■ **EXCERPTED RECORDS**
★ ★ ★

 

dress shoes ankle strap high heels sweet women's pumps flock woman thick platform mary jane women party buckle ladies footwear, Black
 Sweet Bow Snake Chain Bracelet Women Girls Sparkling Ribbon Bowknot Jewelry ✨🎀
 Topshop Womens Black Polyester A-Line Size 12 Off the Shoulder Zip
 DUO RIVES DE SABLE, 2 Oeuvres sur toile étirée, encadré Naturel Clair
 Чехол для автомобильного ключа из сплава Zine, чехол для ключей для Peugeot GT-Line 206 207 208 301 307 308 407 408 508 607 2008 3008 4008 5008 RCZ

★ ★ ★

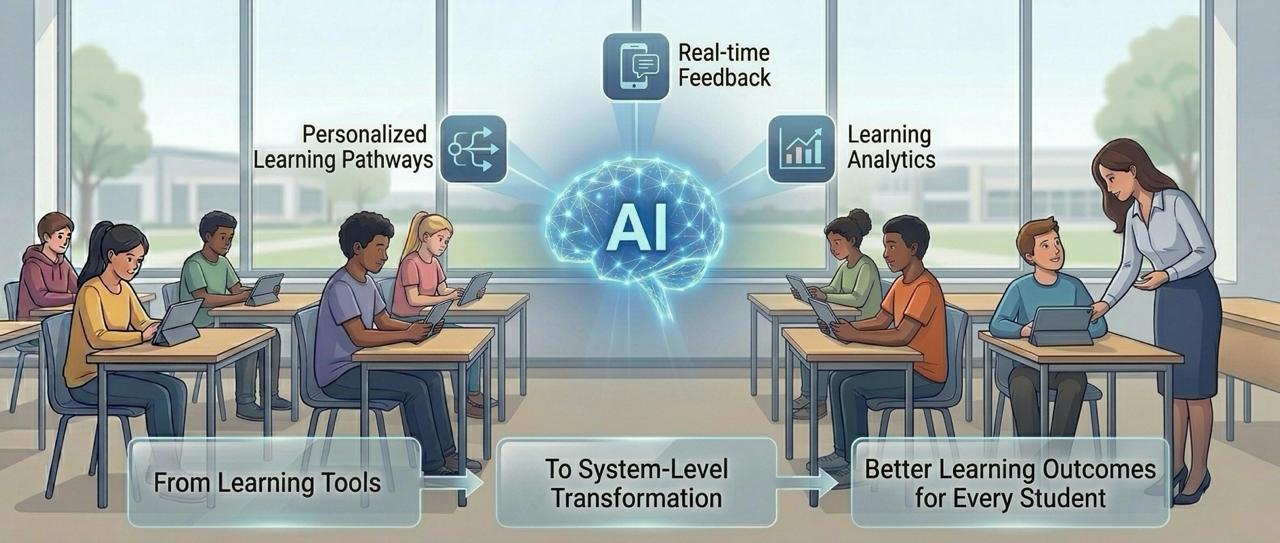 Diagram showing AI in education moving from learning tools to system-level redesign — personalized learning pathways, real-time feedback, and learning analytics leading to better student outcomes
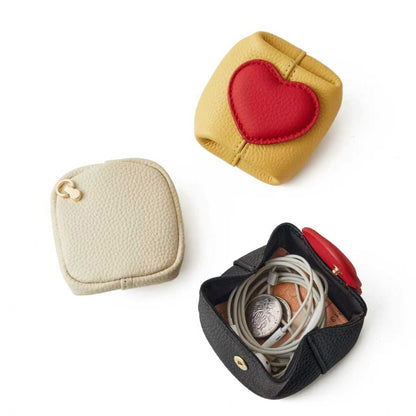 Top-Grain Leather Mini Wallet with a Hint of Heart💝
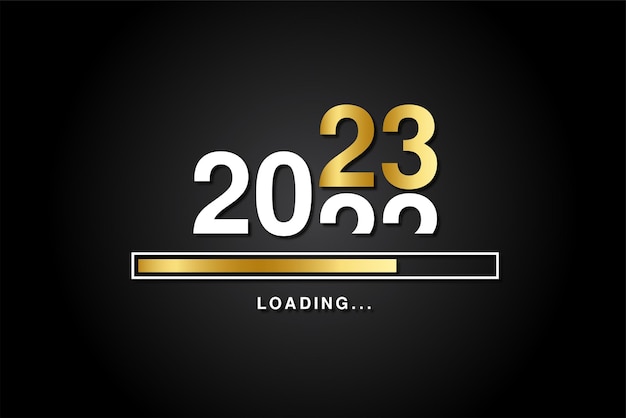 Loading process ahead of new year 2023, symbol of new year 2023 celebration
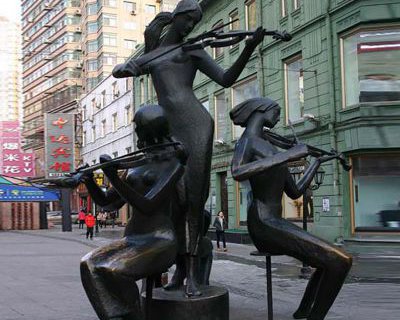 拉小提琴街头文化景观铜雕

★ ★ ★

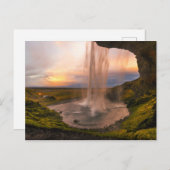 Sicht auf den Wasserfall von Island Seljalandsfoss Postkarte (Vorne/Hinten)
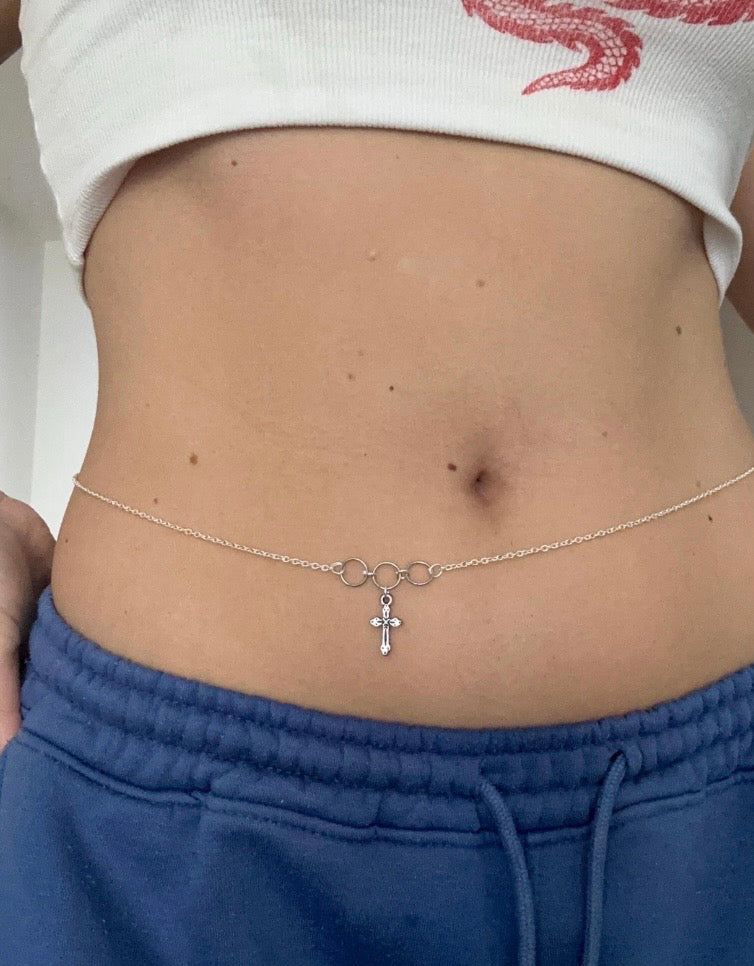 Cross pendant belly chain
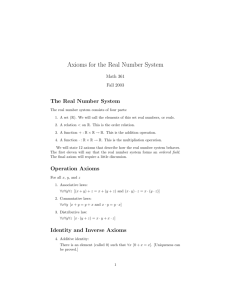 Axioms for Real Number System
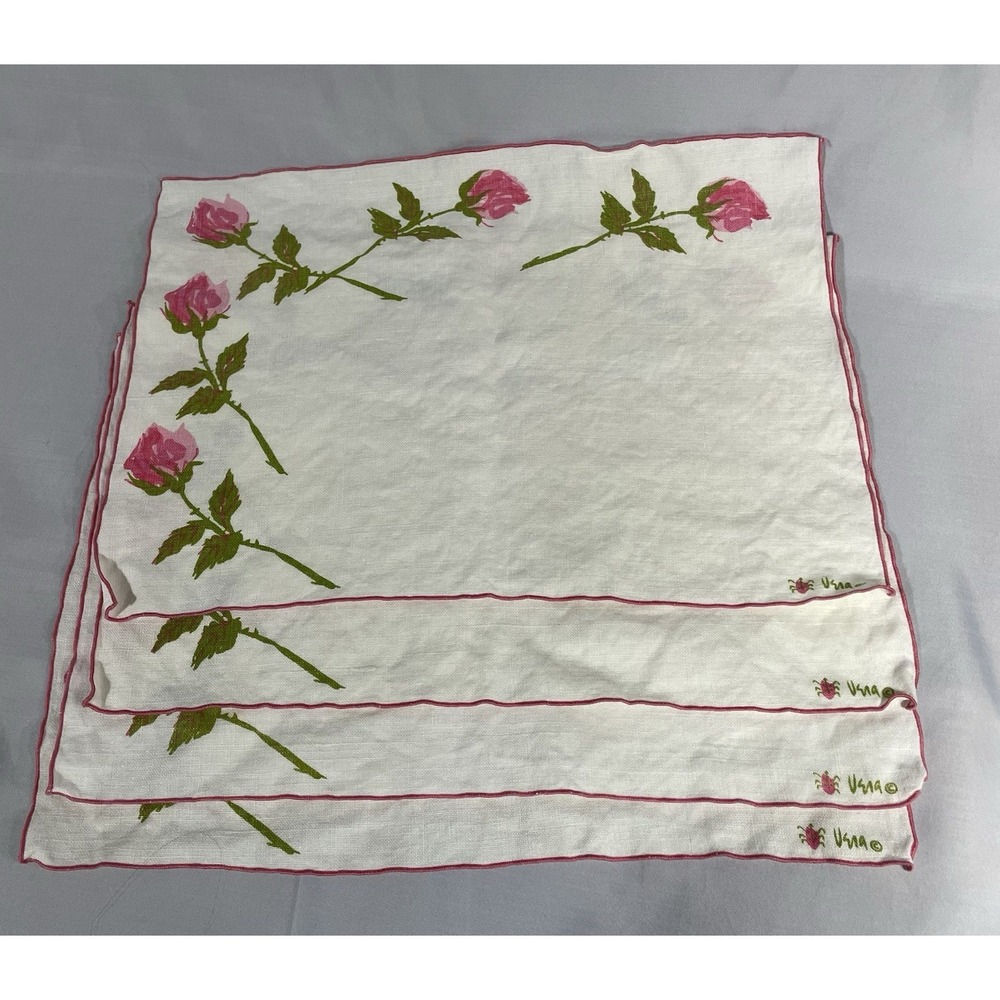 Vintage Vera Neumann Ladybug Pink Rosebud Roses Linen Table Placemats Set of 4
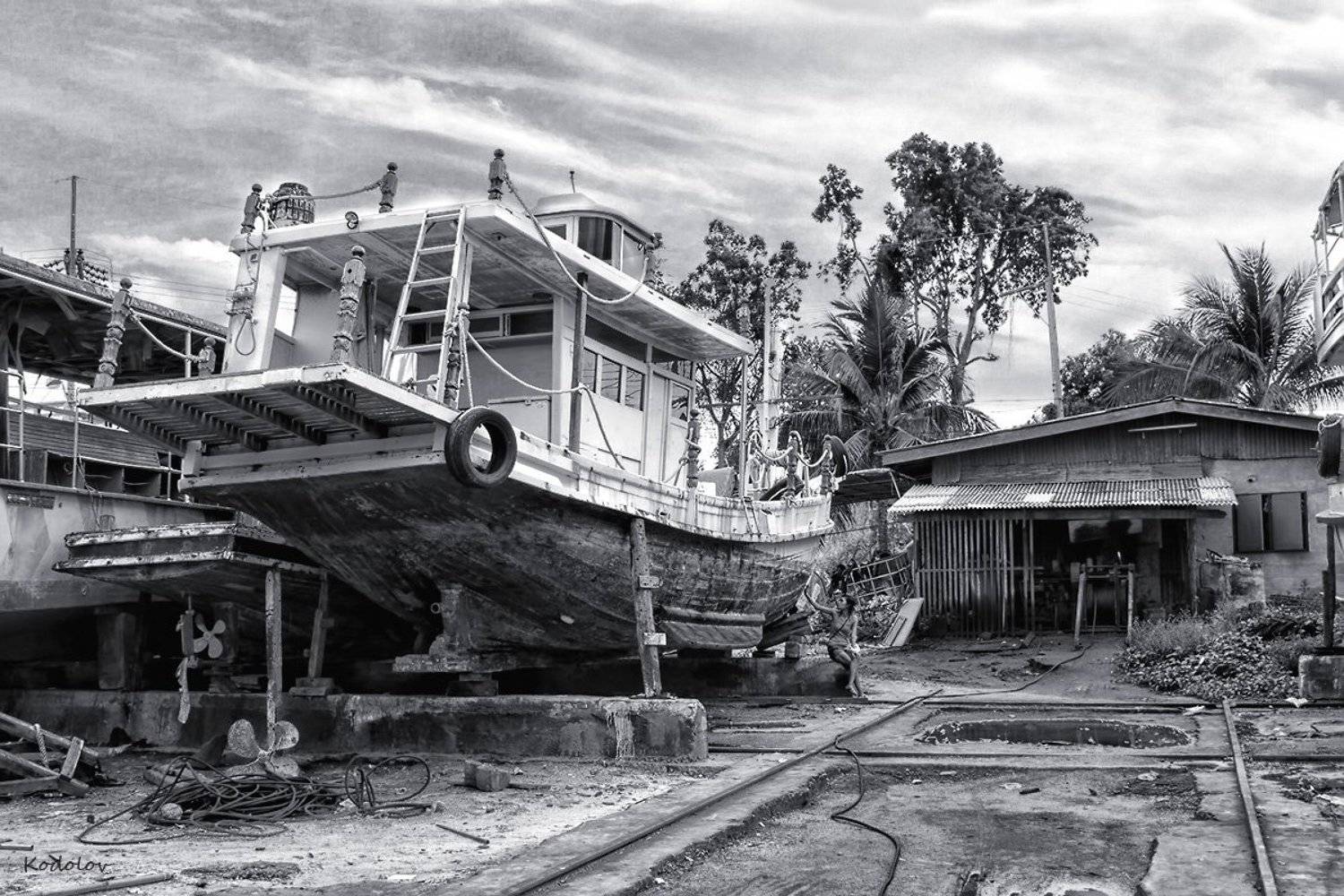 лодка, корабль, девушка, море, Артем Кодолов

★ ★ ★

■ **EXERCISE REQUIREMENTS**
State how many lines in the records above contain the word "Black". Write the number alone.

■ **RESULT**
2